What you should do: Exactly and only the lines below from the one containing "Alien Dj Trippy" down to the one containing "BHS - Vintage" are wanted, both included; please exclude every picture.
Task data START
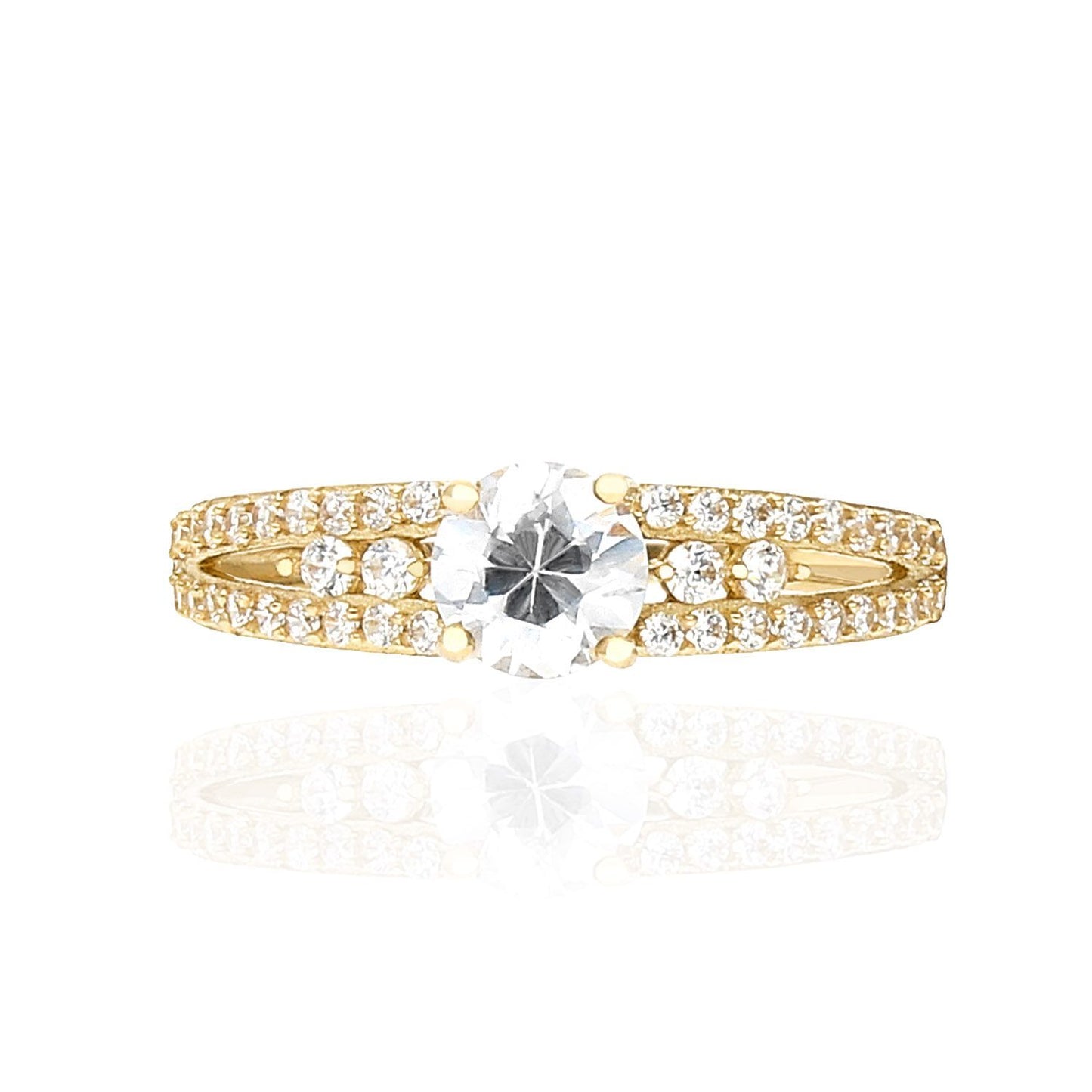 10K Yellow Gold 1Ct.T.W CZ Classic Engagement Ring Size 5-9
Task data END
Task data START
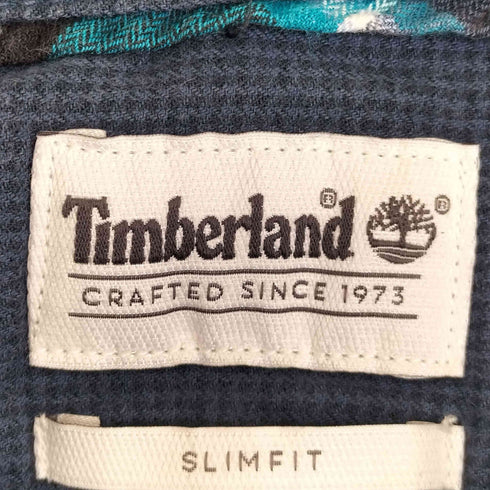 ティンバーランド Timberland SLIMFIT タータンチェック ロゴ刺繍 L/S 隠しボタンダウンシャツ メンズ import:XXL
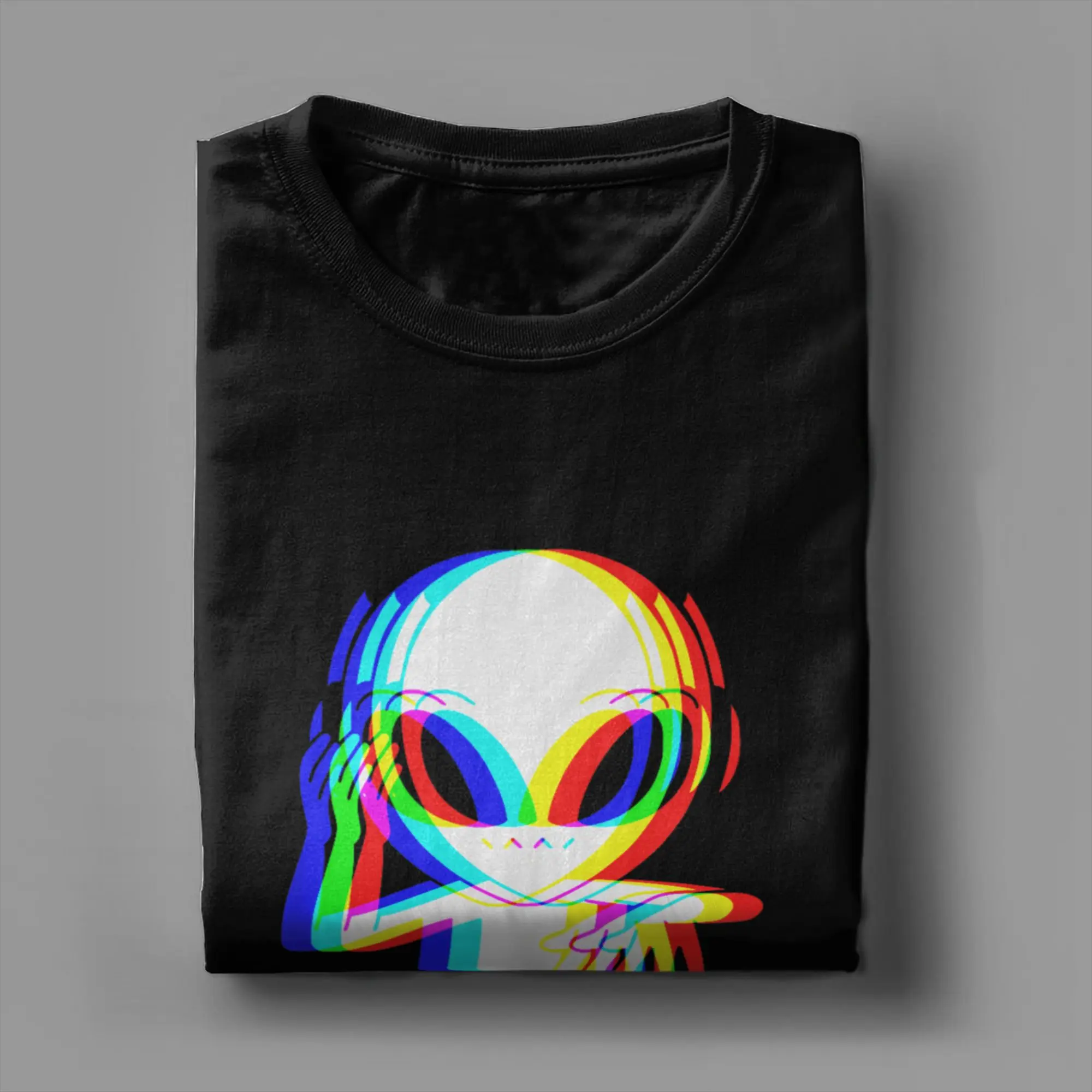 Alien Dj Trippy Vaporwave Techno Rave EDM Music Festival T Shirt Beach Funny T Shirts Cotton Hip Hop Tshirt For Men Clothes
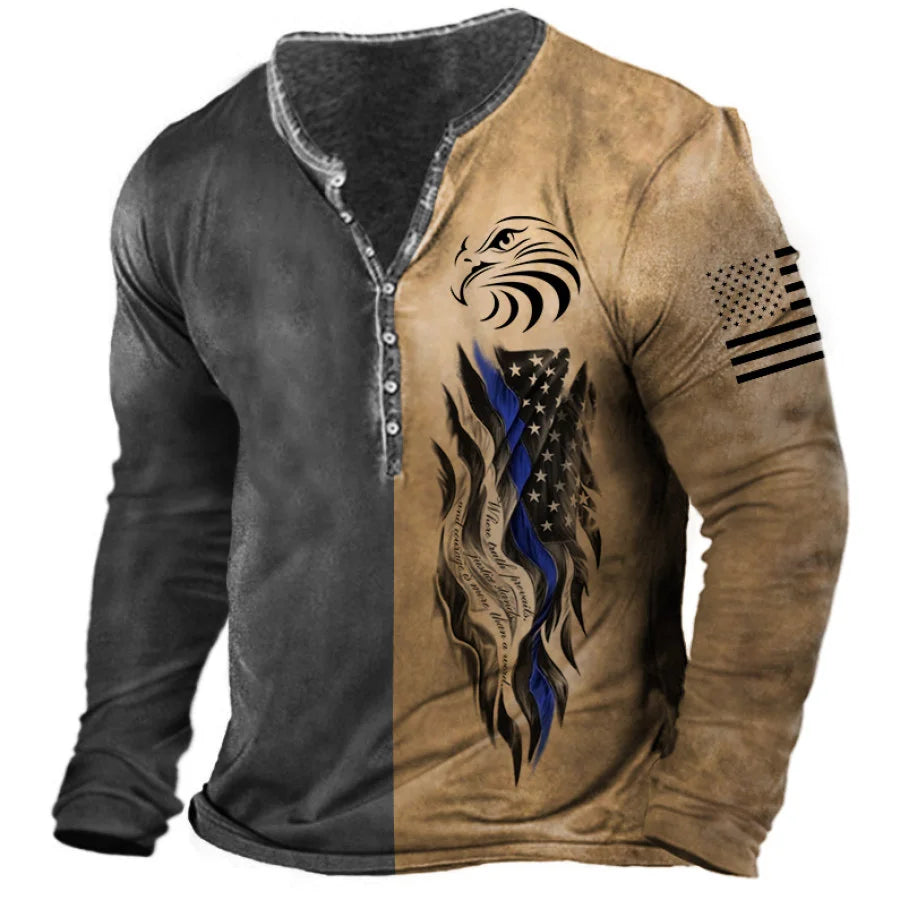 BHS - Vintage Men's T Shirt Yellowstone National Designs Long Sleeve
Task data END
Task data START
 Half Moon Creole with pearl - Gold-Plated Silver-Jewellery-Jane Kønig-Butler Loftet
Task data END
Answer space:
 Alien Dj Trippy Vaporwave Techno Rave EDM Music Festival T Shirt Beach Funny T Shirts Cotton Hip Hop Tshirt For Men Clothes
 BHS - Vintage Men's T Shirt Yellowstone National Designs Long Sleeve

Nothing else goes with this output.